While consolidation offers strategic advantages, it also reflects the growing operational and regulatory burdens that small firms struggle to manage independently. These changes signal a maturing industry where the ability to navigate complexities defines success.
Despite the disruptions caused by the Covid-19 pandemic, average advisory fees for a cohort of 50 top advice firms that we track annually have remained steady at 65 basis points (bps) of assets for three consecutive years now. However, revenue growth has rebounded strongly, driven by the post-Covid rebound and the return of more consistent client inflows, marking a recovery to double-digit rates.
Figure 1: Advisor fees as % of AUM
Figure 2: Revenue growth p.a.
Source: Ninety One Financial Review 2023.
However, scepticism persists around the future trajectory for advisory fees, especially when compared to global markets like the UK. While South African advisors maintain steady fee structures, their ability to drive long-term revenue growth depends on providing value through innovative services and improved client outcomes.
Operational profit margins for South African advisory firms have slipped to 35% for the first time since we began surveying the cohort of firms, falling below the US and UK long-term average of 40%. Rising compliance costs, increasing administrative demands, and investments in technology are key contributors to this decline.
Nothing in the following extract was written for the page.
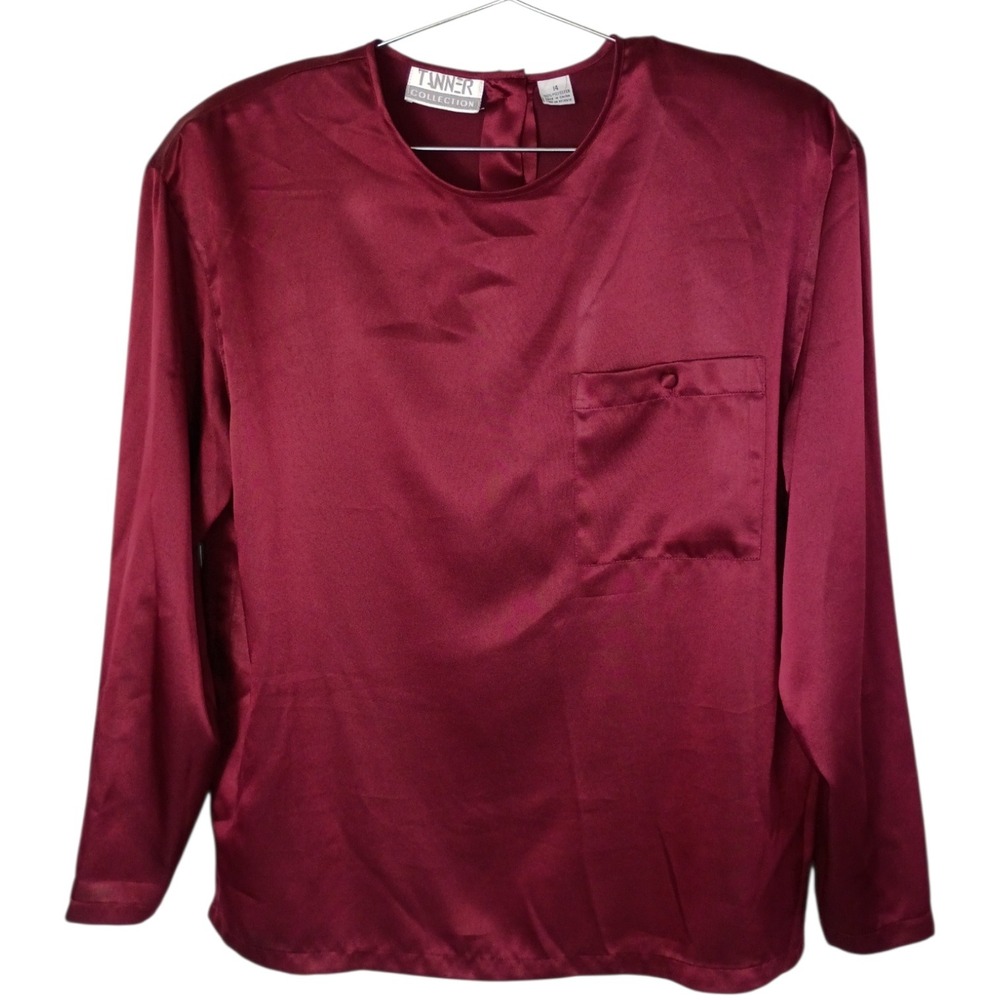 Vintage Tanner Collection Burgundy Satin Blouse Women Size 14 Long Sleeve‎ Top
These challenges emphasise the need for firms to manage their income lines very carefully, whilst at the same time looking to streamline operations and adopt technology-driven efficiencies to counteract margin pressures.
Figure 3: Average operational profit margin
Source: Ninety One Financial Review 2023.
Platforms, which serve as the backbone of many advisory services, face even greater profitability challenges. Despite significant reductions in fees — falling from 100 bps 20 years ago to approximately 30 bps today — platforms have expanded their product and service offerings considerably. Yet, this evolution has not translated into financial sustainability for many, with several South African platforms operating near break-even or at a loss.
The discussion underscored the complex dynamics platforms face in addressing legacy systems while pursuing innovation. Platforms have reached a “T-junction”: they must choose between becoming commoditised, low-cost operations or retaining full-service propositions that accommodate legacy assets. Both paths present opportunities and risks.
Succumbing to “shiny new thing syndrome” — prioritising new technologies at the expense of existing infrastructure — can alienate clients and increase operational inefficiencies. Conversely, clinging to outdated systems without advancing creates stagnation. Striking a balance between integrating bold innovations and maintaining legacy support is critical for long-term success.
While industries like space exploration thrive on non incrementalism — making massive leaps forward — financial platforms require a more measured approach. Innovations must be carefully integrated to avoid inefficiencies, such as running dual systems that double costs.
The South African financial advisory industry is poised for transformation, with a wealth of opportunities to sustain long-term growth. By revisiting untapped client assets, leveraging regulatory changes, sensibly deploying technology, and addressing succession planning strategically, advisors can navigate current challenges while positioning themselves for future success. Partnering with a well-run, strategically aligned platform remains a crucial part of this.